■ WHAT THE TASK REQUIRES:
Transcribe exactly the lines from the one holding "Max - Cream" through the closing line of the entries below. Pictures stay out of the copy.

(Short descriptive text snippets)

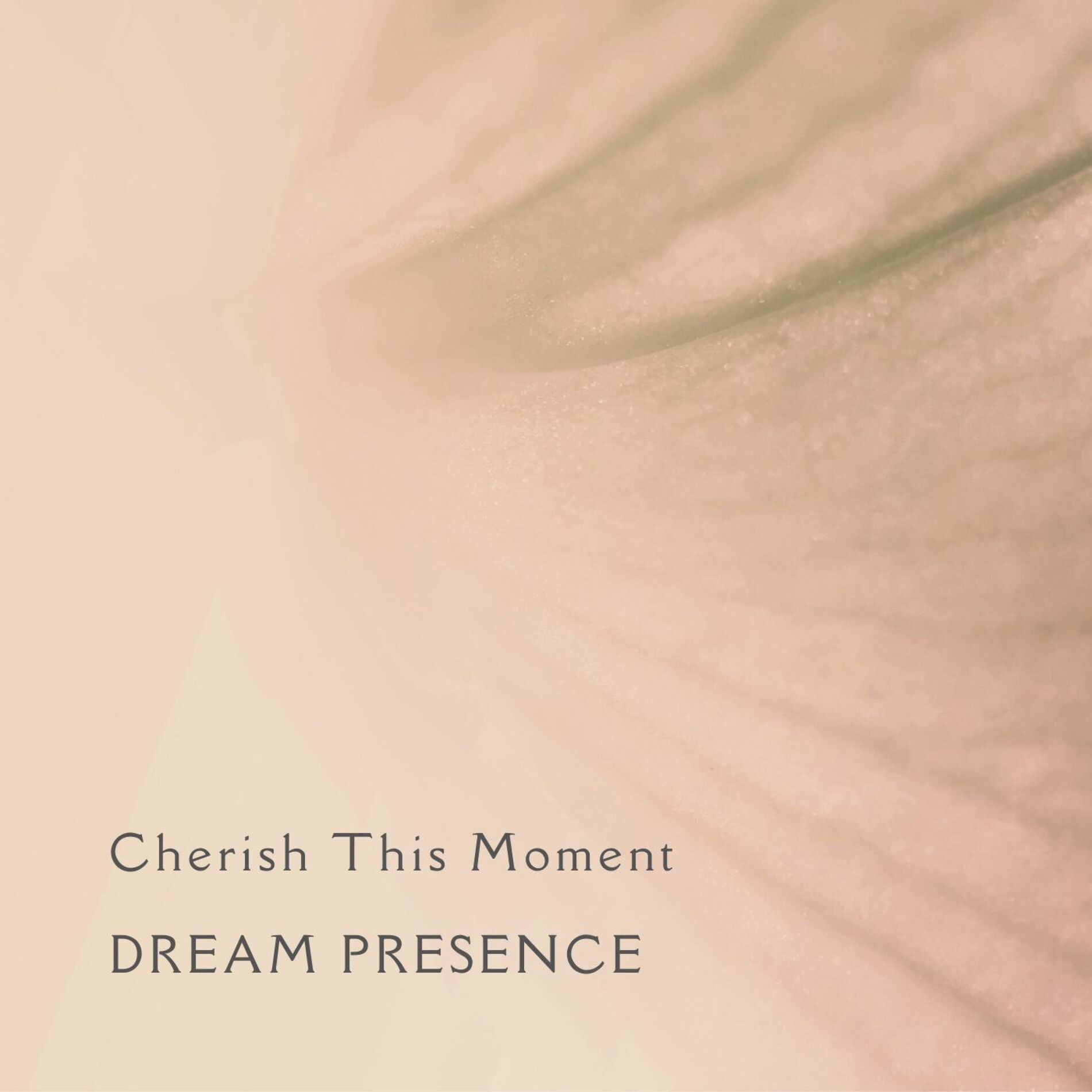Album cover of Cherish This Moment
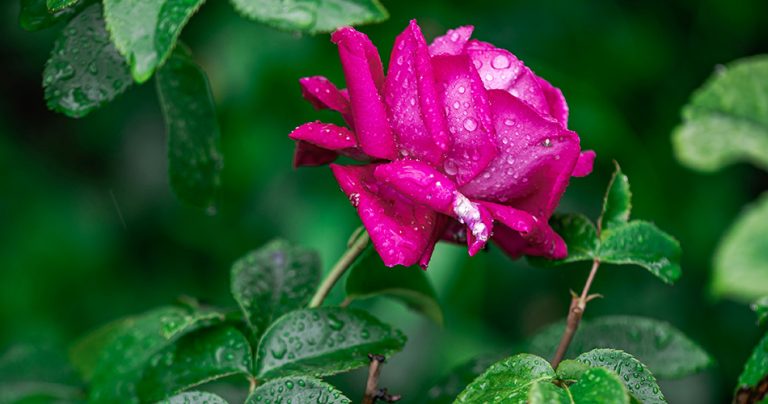 آری، رمضان است چو باران بهاری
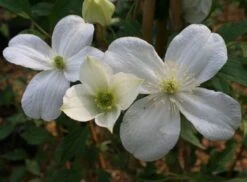 Clematis 'Miss Christine' -Garden Plant Store pl2000005510 card3 lg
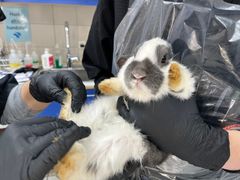 Billede af broget kanin, der bliver holdt af dyrlæge, og hvor man kan se urinafmærkninger på poterne.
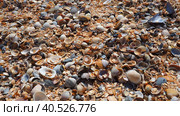 Shells from gastropods of bivalve molluscs living in the Azov and Black seas, Golubitskaya. Beige, black, white seashells on the shore. Cerastoderma lamarcki, Hypanis colorata, Anadara inaequivalvis. Стоковое фото, фотограф Юлия Петровская / Фотобанк Лори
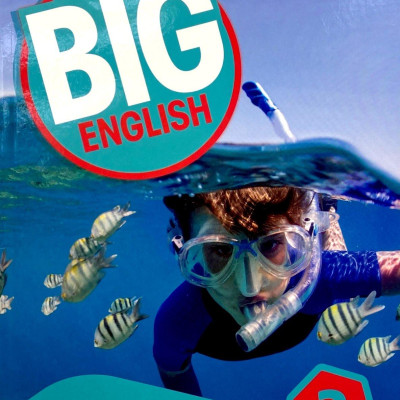 Big English AmE 2Ed Level 2 Value Pack (SB + WB)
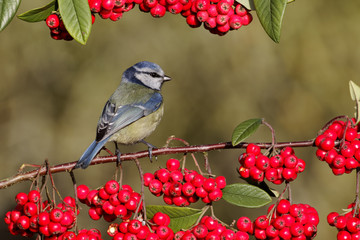 Canvas Print - Blue tit, Parus caeruleus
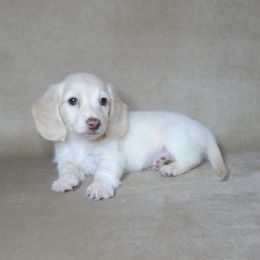 Max - Cream male Dachshund puppy in Pana, Illinois from Doxie Waggin Tails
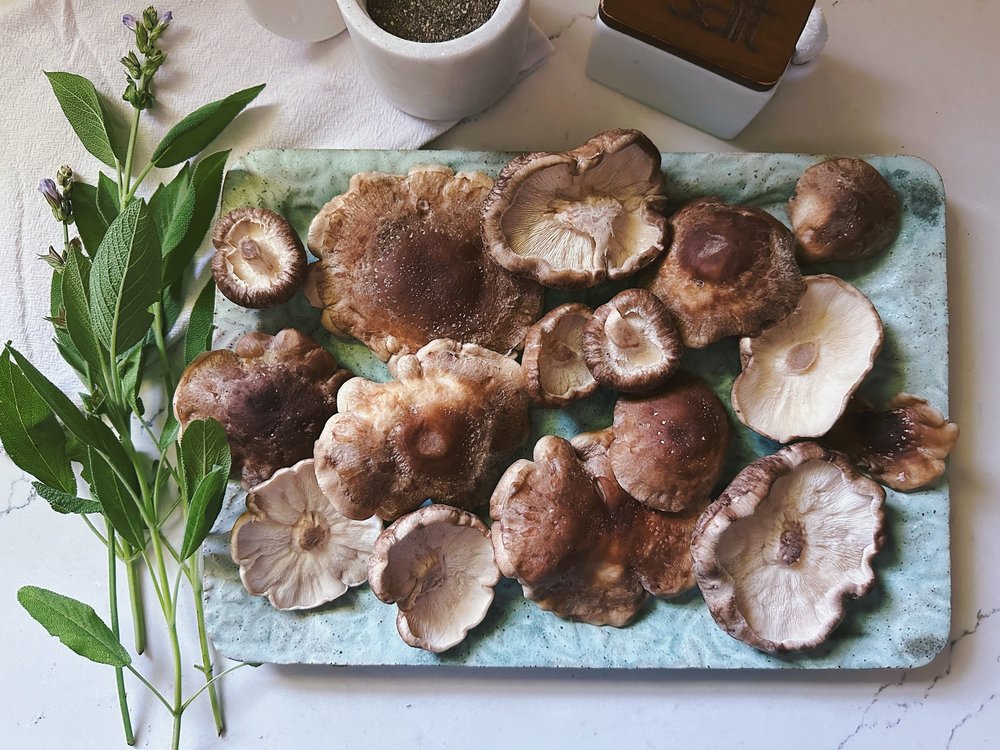 blue-courage-farms-mushrooms-beef-eggs-pantry-veggies
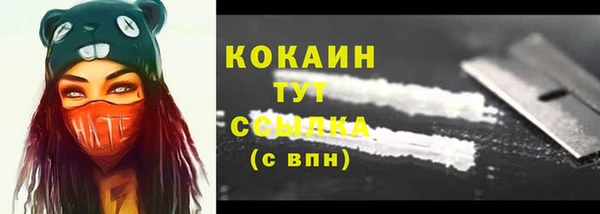 соль ск Арсеньев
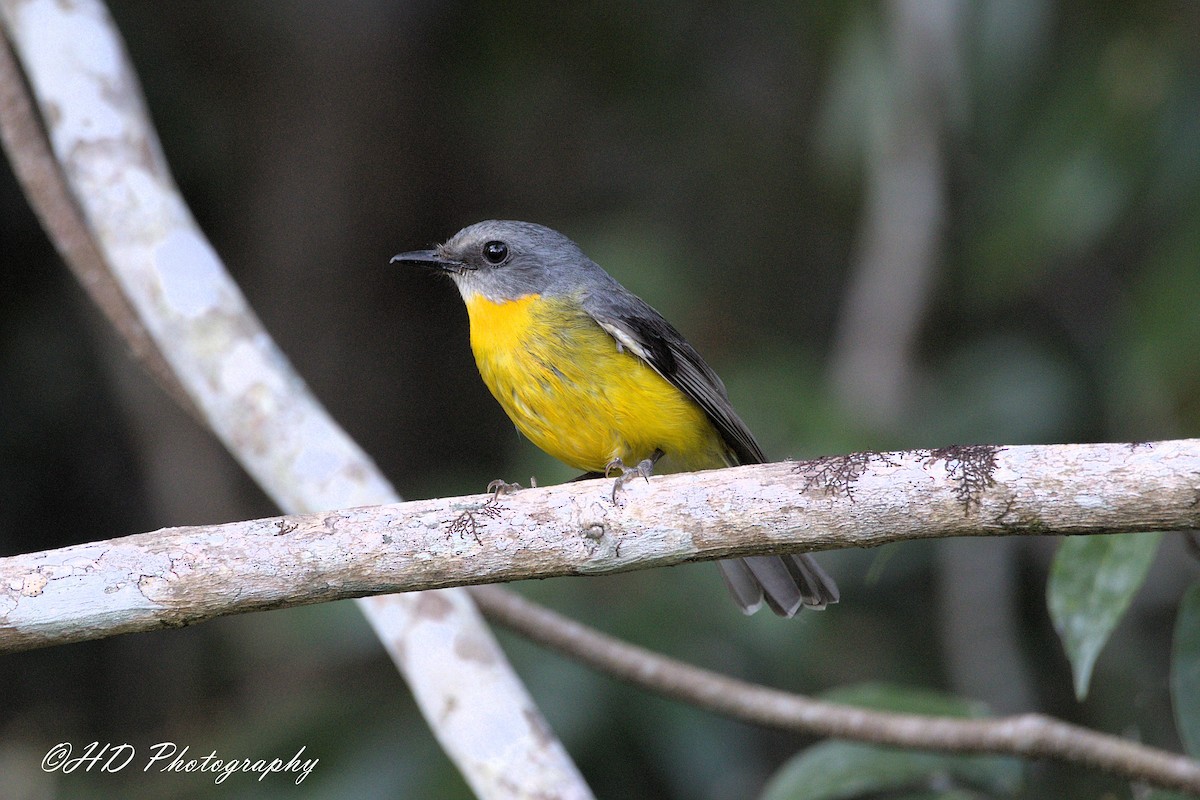 Eastern Yellow Robin - ML643469349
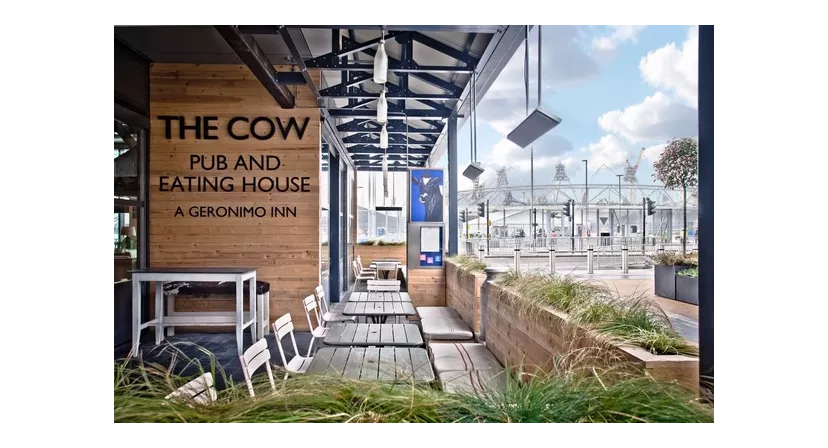 The Cow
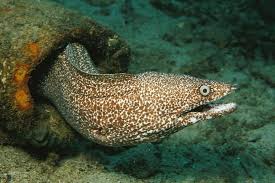 moray eel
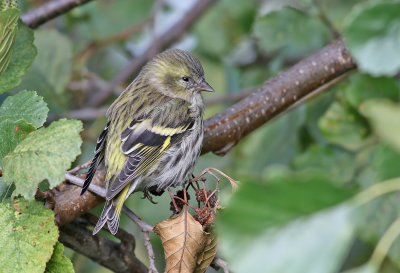 Grnsiska<br> Siskin<br> Carduelis spinus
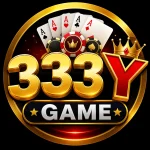 333Y Game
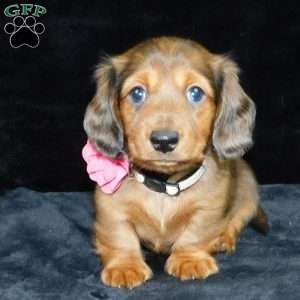 Jewel- mini, Dachshund Puppy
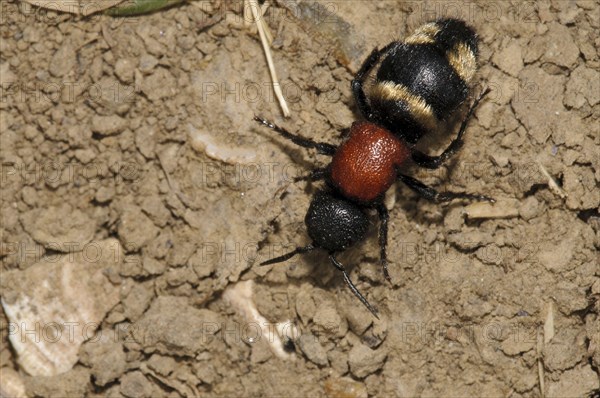 Eastern Velvet Ant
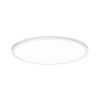 Plafonnier Salle de Bain Atria Shine 22W Blanc Paulmann 71185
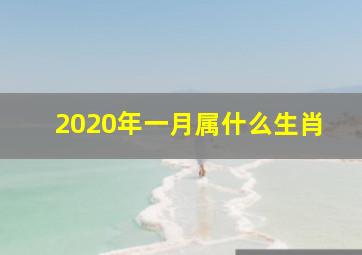 2020年一月属什么生肖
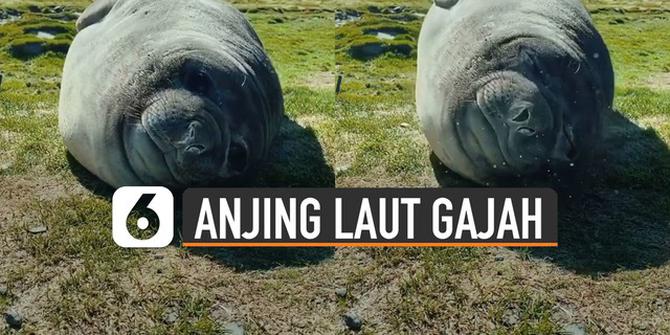 VIDEO: Unik, Ternyata Begini Jika Anjing Laut Gajah Tidur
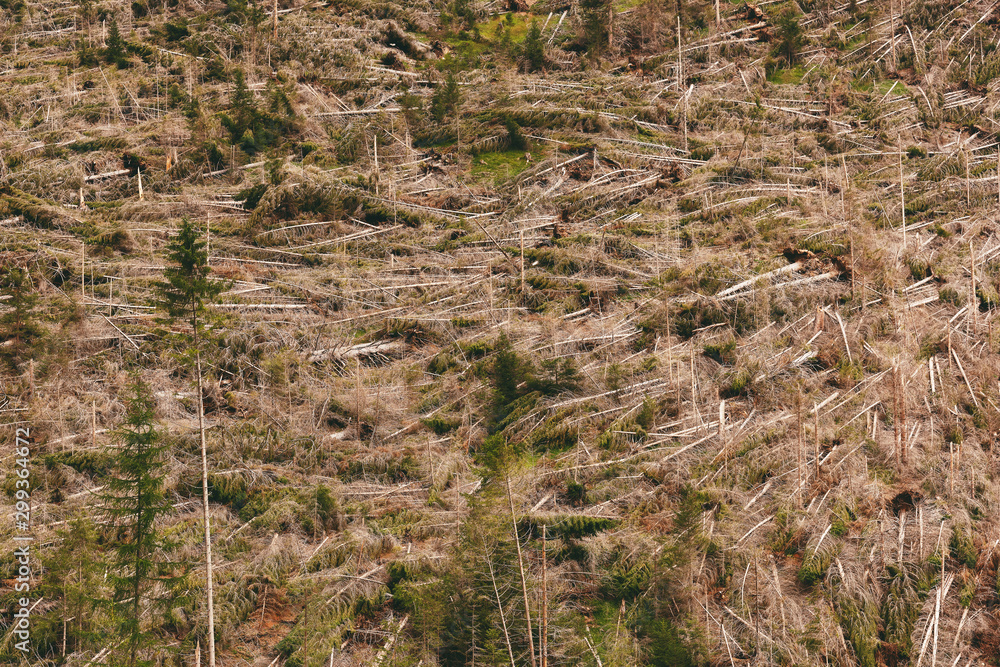 storm damage in the dolomites storm damage in the dolomites
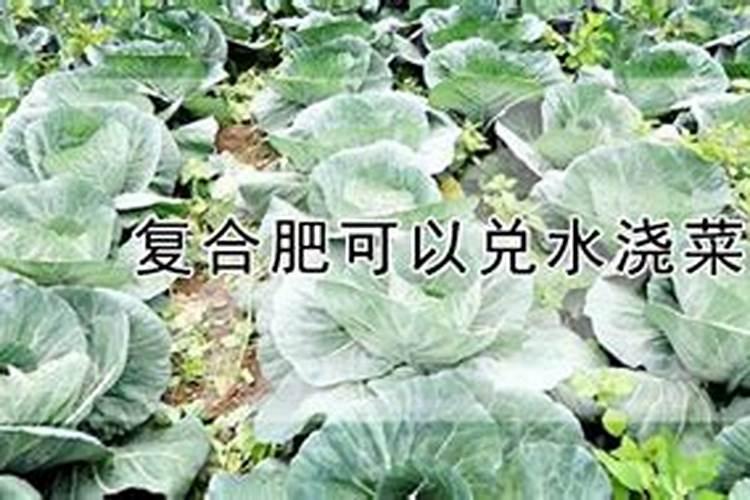 西瓜追肥用什么肥料好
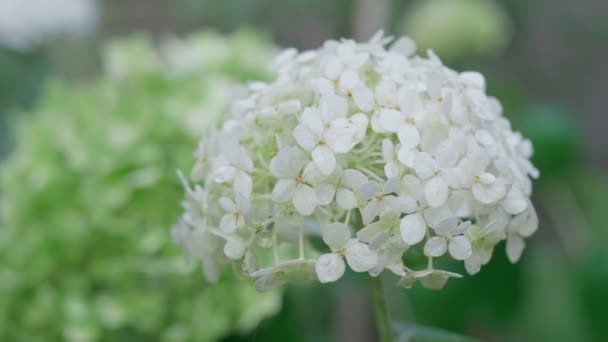 Inflorescencia de la hortensia blanca de cerca. Movimiento lento. — Vídeo de stock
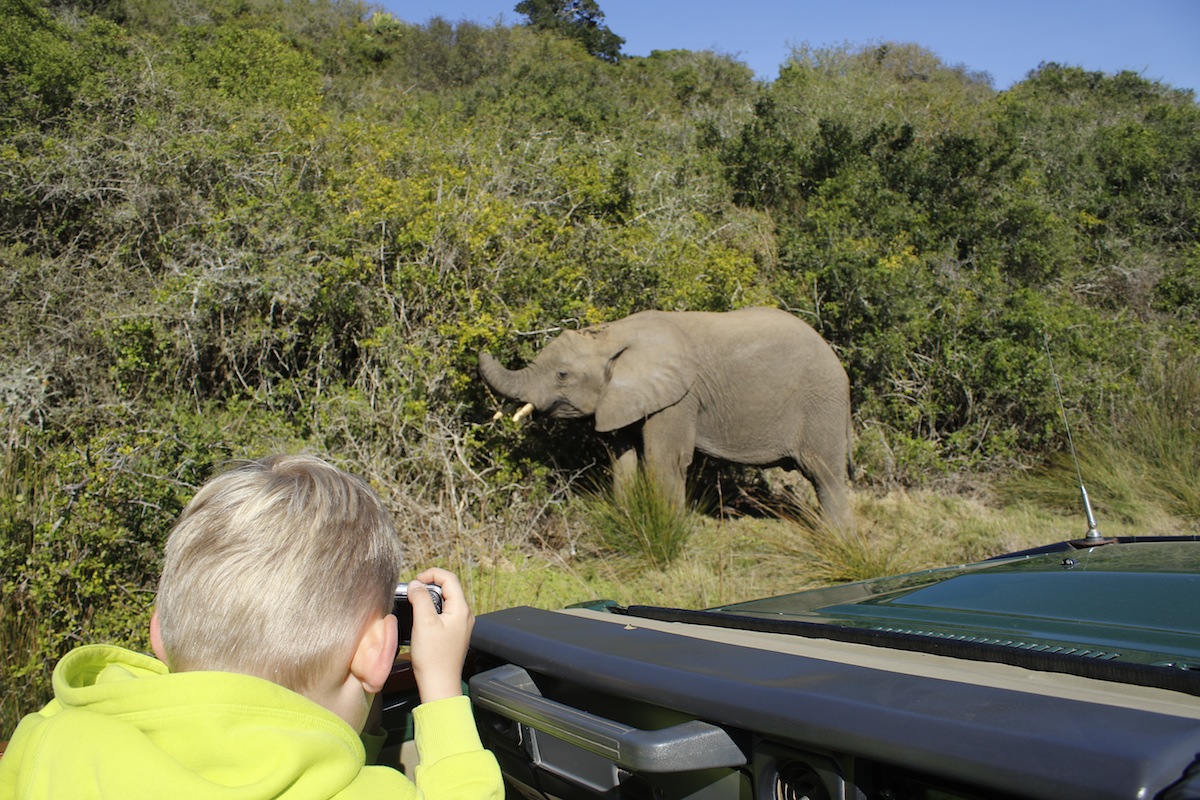 Kids on Kariega Safari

■ REPLY:
 Max - Cream male Dachshund puppy in Pana, Illinois from Doxie Waggin Tails
 blue-courage-farms-mushrooms-beef-eggs-pantry-veggies
 соль ск Арсеньев
 Eastern Yellow Robin - ML643469349
 The Cow
 moray eel
 Grnsiska<br> Siskin<br> Carduelis spinus
 333Y Game
 Jewel- mini, Dachshund Puppy
 Eastern Velvet Ant
 Plafonnier Salle de Bain Atria Shine 22W Blanc Paulmann 71185
 2020年一月属什么生肖
 VIDEO: Unik, Ternyata Begini Jika Anjing Laut Gajah Tidur
 storm damage in the dolomites storm damage in the dolomites
 西瓜追肥用什么肥料好
 Inflorescencia de la hortensia blanca de cerca. Movimiento lento. — Vídeo de stock
 Kids on Kariega Safari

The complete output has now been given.